Muitas vezes Oki estivera cara a cara com o quente bafejo da goela vermelha de alguma fera e, quando o medo se mostrava, podia buscar nele as forças de que necessitava para sobreviver. Quantas vezes vira uma fria lâmina cortar o ar buscando abrir a sua carne e, nesse instante, o medo se apresentava e lhe emprestava velocidade e força. O medo o ajudara a correr mais rápido quando necessário; a nadar ultrapassando os limites do corpo; a exigir dos seus músculos cento e dez por cento de sua capacidade. Um amigo, com certeza. Para um guerreiro o medo pode ser um amigo. E quantas vezes sentira medo no passado? Não sabia. Mas sabia que gostava sempre de sentir medo quando necessário. Era um sentimento bem vindo.
Era assim que lidava com o medo. Mas naquele instante havia algo diferente. Sonhos ou premonições não eram o que mais agradava aos de sua raça. Mas Oki era diferente dos de sua raça. Os ancestrais de seus irmãos eram feitos de força, vontade e gosto pela batalha. Mas, separando sua tribo das tradições ancestrais estava o frio e solitário vazio negro do cosmo. Sua vida e a de seus irmãos havia sido diferente desde que atravessaram o mar escuro do espaço infinito. Com os habitantes do mundo gelado aprendera o significado da magia, do misticismo, e conhecera as verdades sobre as energias sombrias e os espíritos de luz que povoavam a dimensão superior da existência de Algo. Por isso, sonhos e premonições não seriam suficientes para assustar Oki. O que lhe causara medo foi a incerteza do futuro.
Sentado, no tapete branco do planeta frio, olhando para a fogueira a sua frente, pôde ver as chamas diminuírem até quase se apagarem e então as línguas de fogo deixaram a madeira de que se alimentaram e se ergueram no ar, como uma bola de luz e força, girando rapidamente em torno de si, tão rápido que Oki não foi capaz de contar quantas voltas já haviam sido completadas antes que a esfera se levantasse à altura de seus olhos.

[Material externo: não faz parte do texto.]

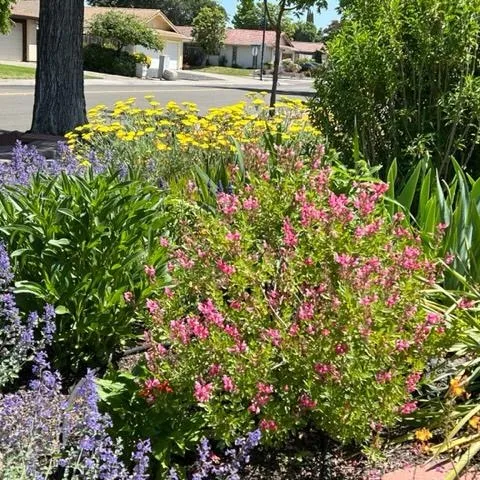 Perennial Corner Garden, Stockton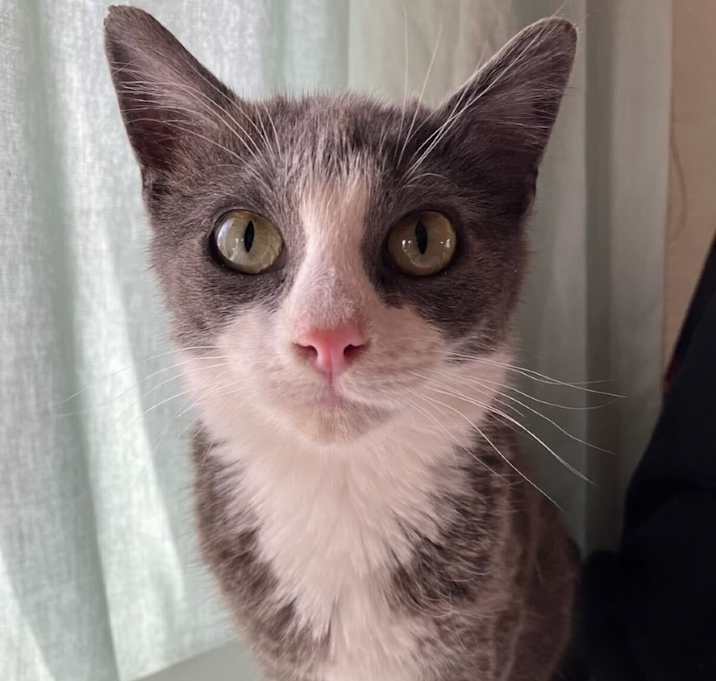 Photo of Winston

E seus olhos começaram a arder, e sua cabeça doía. E os olhos cor de sangue começaram a brilhar e se soltaram da face do guerreiro que, apesar disso, ainda podia ver a cena com tal nitidez que parecia que não estava sentado, mas flutuava e observava em todas as direções. E os olhos de Oki passaram a girar rapidamente e se fundiram numa única bola de luz vermelha que lentamente se aproximou do fogo agora brilhava mais forte um metro acima da madeira agora já coberta pela neve, passando a girar em torno daquele sol em miniatura.
Foi a vez do grande machado de aço, encostado ao lado de Oki erguer-se do solo girando rapidamente em torno de si, exalando um frio mortal que lhe fez sentir os ossos congelando. Com rotações velozes, o machado foi perdendo a nitidez e tornou-se um grande borrão escuro que foi diminuindo até que surgiu uma esfera fria e azul. Aproximando-se da representação do sol, a esfera criada pelo aço frio também passou a translacionar em torno da bola de fogo.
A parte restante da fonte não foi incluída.